Question: Specifying two deterministic self-referential timeseries

Hello all! I’m a PyMC novice, so sorry if this is the wrong place to ask this. Please feel free to direct me to the correct place.

I’m looking for some guidance in setting up a model-fitting procedure I’m working on. The model basically have 5 stochastic priors (U, R, D, F, f, and A), and two deterministic “time-series” variables (ui and Rn). ui and Rn depend on their initial conditions (U and R respectively). In addition, Rn[idx] depends on ui[idx]. I’ve been trying to make this work for a few days now, and I’m at a place where I need to ask for help.

I’ve tried a whole host of things that haven’t worked (i.e. days of error messages). I’ll spare you all that, and just show you what I have right now. I’m sure there’s a sensible way to accomplish this, and I’m hoping if I just share what I have, someone will be able to tell me a better way to handle it:

The function to calculate the updates to the ui and Rn variables is:

def calc_both(ui, R, U, f, dT, F, D):

ui_main_term = ui + f * (1 - ui) - U
ui_exponential = np.exp(-dT/F)
ui_full_term = U + (ui_main_term * ui_exponential)

Rn_main_term = 1 - (R * (1 - ui))
Rn_exponential = np.exp(-(dT/D))
Rn_full_term = 1 - (Rn_main_term * Rn_exponential)
    
return ui_full_term, Rn_full_term

And the model itself is specified as:

with pm.Model() as TM_model:

# Set constants
dT = 0.1
stim_n = len(data)
R = 1.0

# Set priors
U = pm.Uniform('U', lower=0, upper=1)
f = pm.Uniform('f', lower=0, upper=1)
D = pm.Uniform('D', lower=0, upper=2)
F = pm.Uniform('F', lower=0, upper=2)
A = pm.Uniform('A', lower=20, upper=1000000)
ui = U

# Calculate dynamics
result, updates = tn.scan(fn=calc_both, outputs_info=[ui, R], non_sequences=(U, f, dT, F, D), n_steps=stim_n)
power = tn.function(inputs=[ui, R, U, f, dT, F, D], outputs=result, updates=updates, on_unused_input='warn')
ui_Rn = power(ui, R, U, f, dT, F, D)
ui = ui_Rn[0]
Rn = ui_Rn[1]

# Predict PSCs
p_psc = A * ui * Rn

# Define Likelihood
p_data = pm.Normal('p_data', mu=p_psc, observed=data)

This particular example fails when setting up the Theano Scan function. I’ve tried implementing the loop in pure python, but that fails as well. Any advice would be appreciated!

TL;DR: I’m looking for a working way to specify two deterministic variables (ui, and Rn). They both depend on their initial condition (U and R respectively) and Rn depends on ui. Any help, guidance, or redirection is appreciated!

I think you are on the right path - you just need to make sure the tt.scan part is implemented correctly (which is the most challenging part!). Have a look at eg: https://docs.pymc.io/notebooks/PyMC3_tips_and_heuristic.html#PyMC3-implementation-using-theano.scan about how to implement a tt.scan and compare with python for loop

Thanks for the quick feedback! I’d certainly say it’s challenging, particularly since i’m new to Theano in general.

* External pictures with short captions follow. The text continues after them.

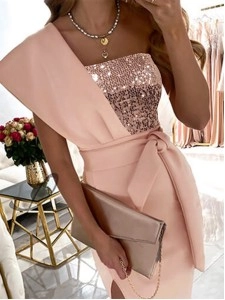 Fashion Patchwork Sequins One Shoulder Pencil Skirt Dresses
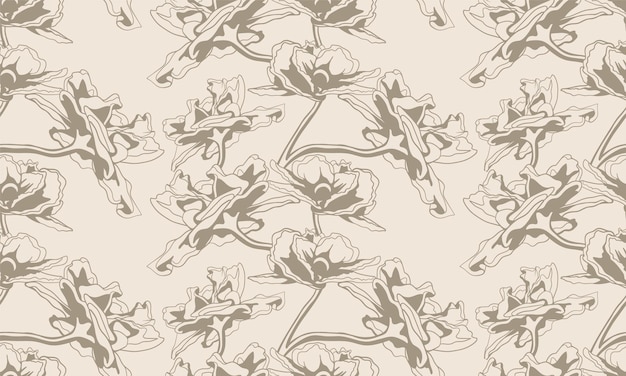 Floral seamless pattern design for fabric or wallpaper print Flower vector textile decoration Nature background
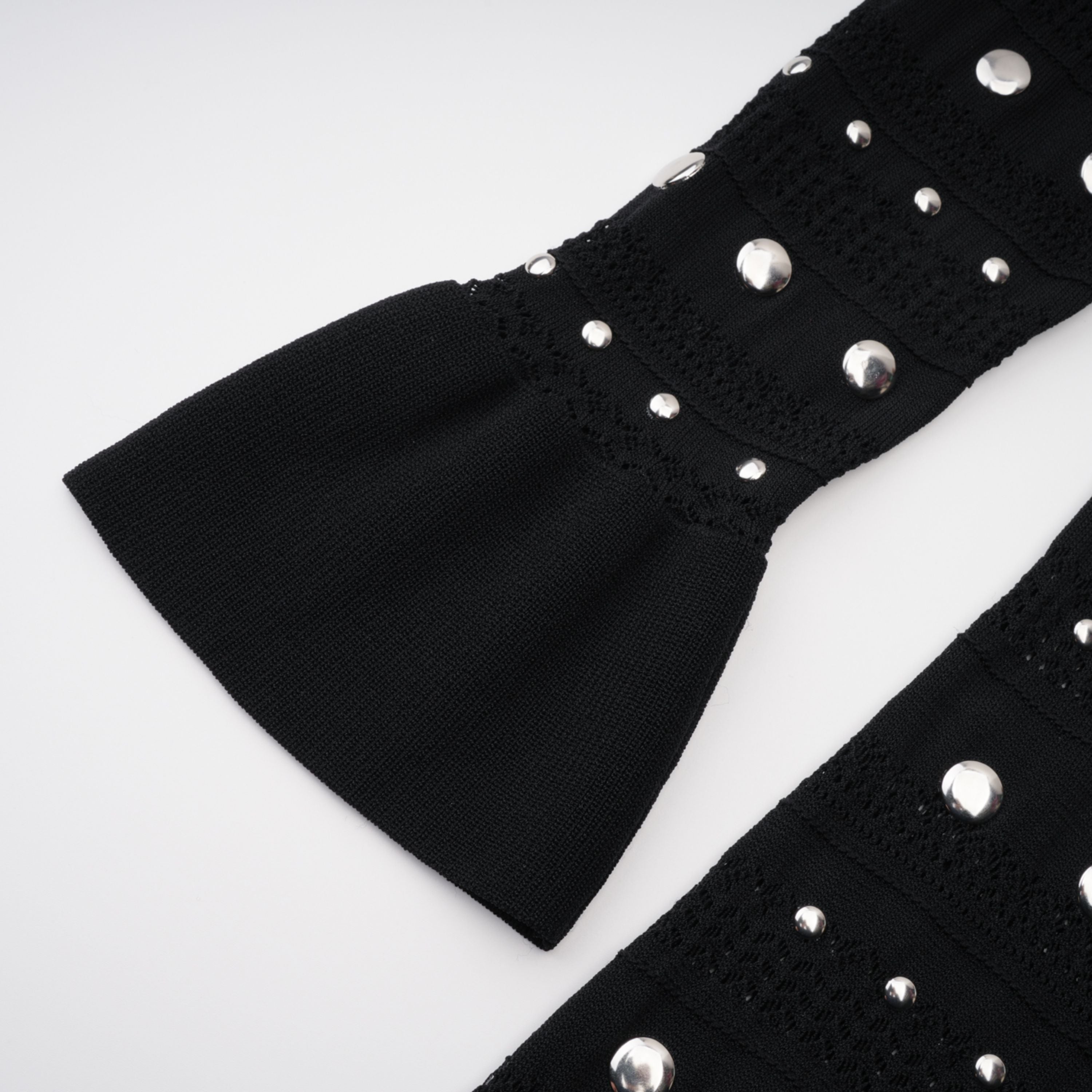Chloé Black Long Sleeve Studded Crochet Knit Midi dress (Final Sale)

So I’ve made a small amount of progress and the theano.scan it works when I run the test outside the PyMC3 model. To accomplish this, instead of explicitly specifying my constants I replaced them with tt.fscalar() values. But when I test it within a pm.Model() it fails with error:

AttributeError: stim_n has no test value

It seems PyMC always sets theano.config.compute_test_value to ‘raise’ when i instantiate the model. I’ve tried running “tn.config.compute_test_value = ‘off’” at the start of the model, but this causes the error:

AttributeError: ‘scratchpad’ object has no attribute ‘test_value’

So I’m guessing that’s a bad idea? Through searching I’ve found several variants of this issue, and they all seem to happen sometimes to some people and not others. Maybe due to broken packages? As per this issue, I just ran theano.test() and had 261 errors :sweat_smile:. I guess it’s time to try a fresh install!

I’ll update with my progress here in case someone finds it helpful in the future. Again, if you know of anything obvious I’m missing please let me know!

If you are getting:

One of the simple solution is to do something like mytensor.tag.test_value = 1.